> [THE PROBLEM]: Could you output, word for word, only the lines from the line with "客家菜梅菜扣肉的年夜饭做法,好吃不油腻,入口即化,家人吃得香" to the end of the entries, including both ends? Omit the pictures.

[Saved entries]
· · · · · · ·
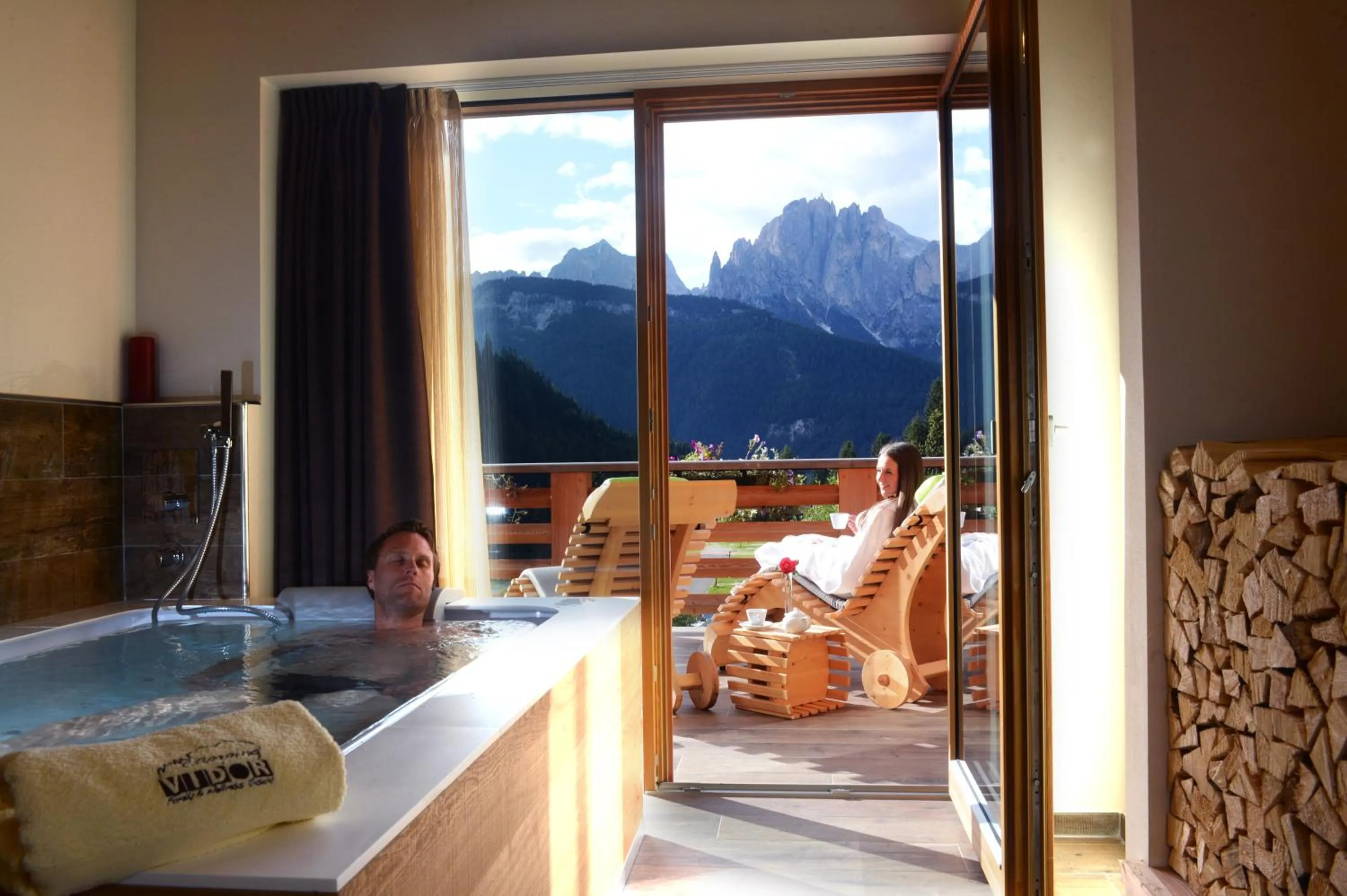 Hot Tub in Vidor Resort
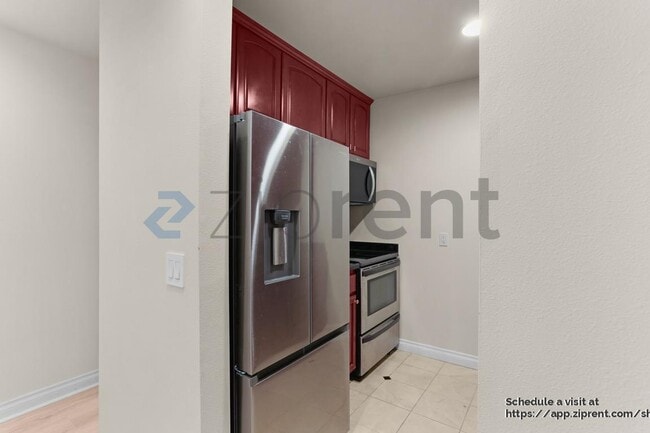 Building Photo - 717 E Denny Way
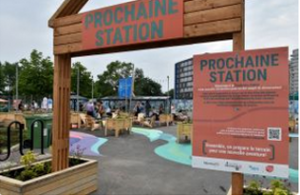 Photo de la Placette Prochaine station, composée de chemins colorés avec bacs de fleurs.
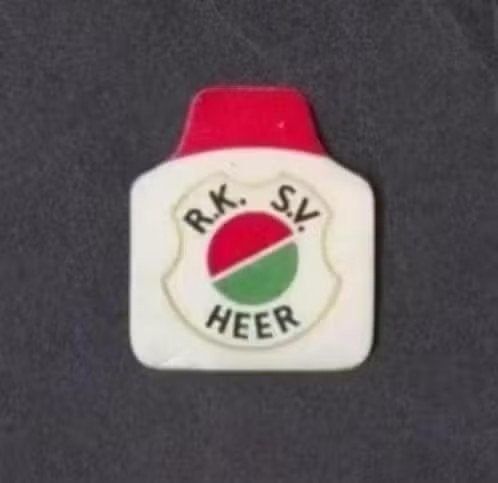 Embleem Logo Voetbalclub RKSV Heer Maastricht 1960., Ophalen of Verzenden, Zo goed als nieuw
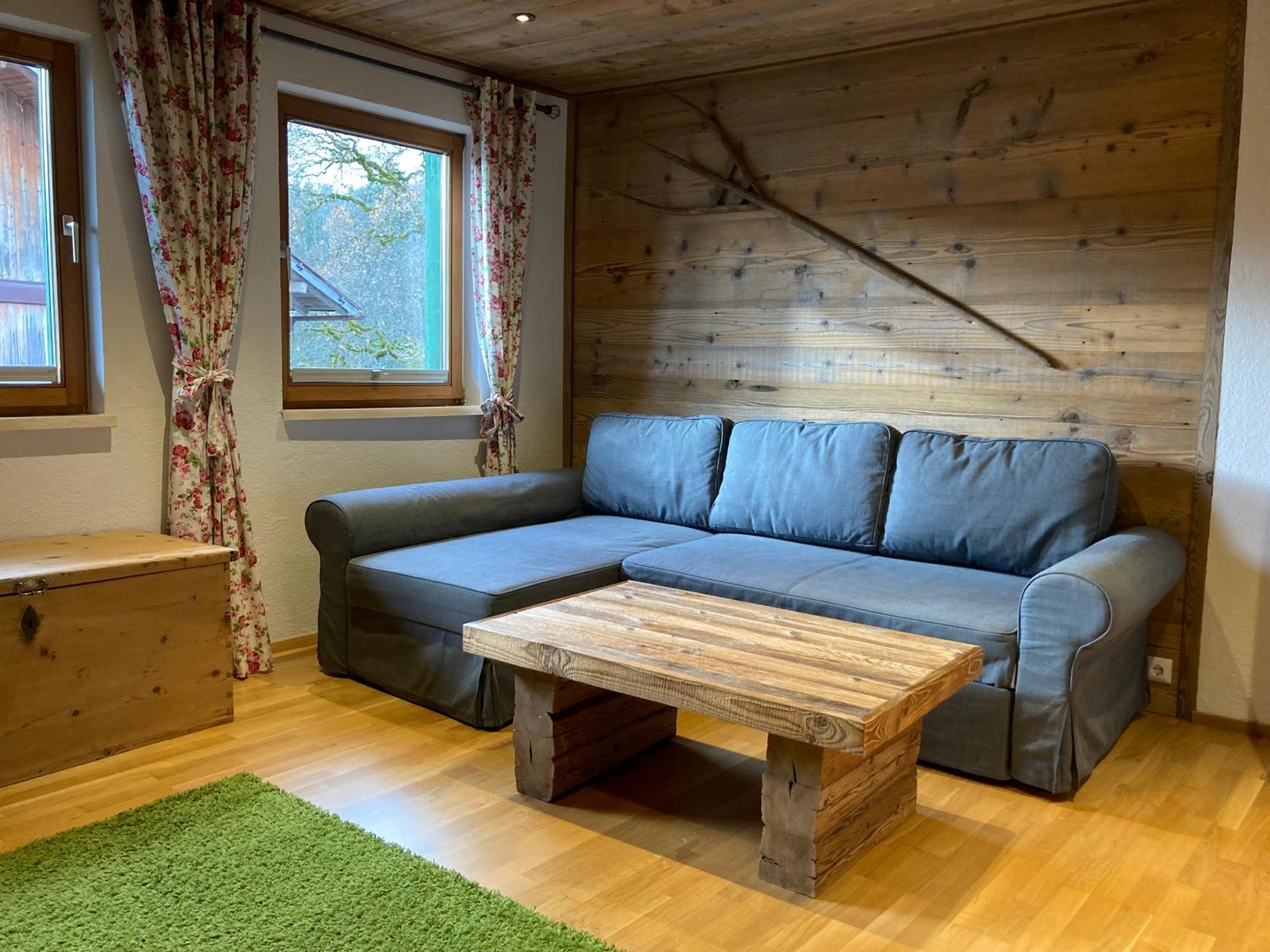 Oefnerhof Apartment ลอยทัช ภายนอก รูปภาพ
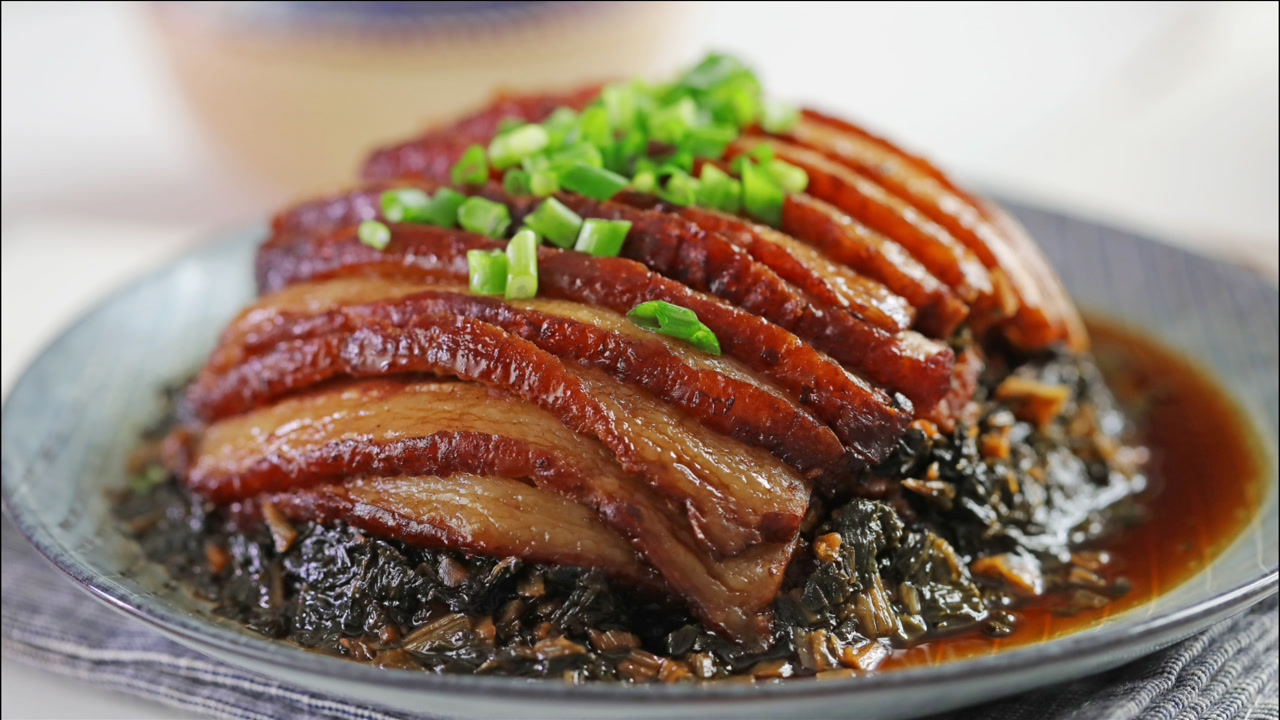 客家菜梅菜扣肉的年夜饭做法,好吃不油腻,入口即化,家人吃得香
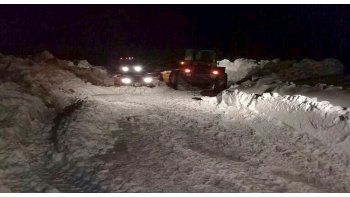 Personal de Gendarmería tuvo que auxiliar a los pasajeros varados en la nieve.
· · · · · · ·
> [RESPONSE AREA]:
 客家菜梅菜扣肉的年夜饭做法,好吃不油腻,入口即化,家人吃得香
 Personal de Gendarmería tuvo que auxiliar a los pasajeros varados en la nieve.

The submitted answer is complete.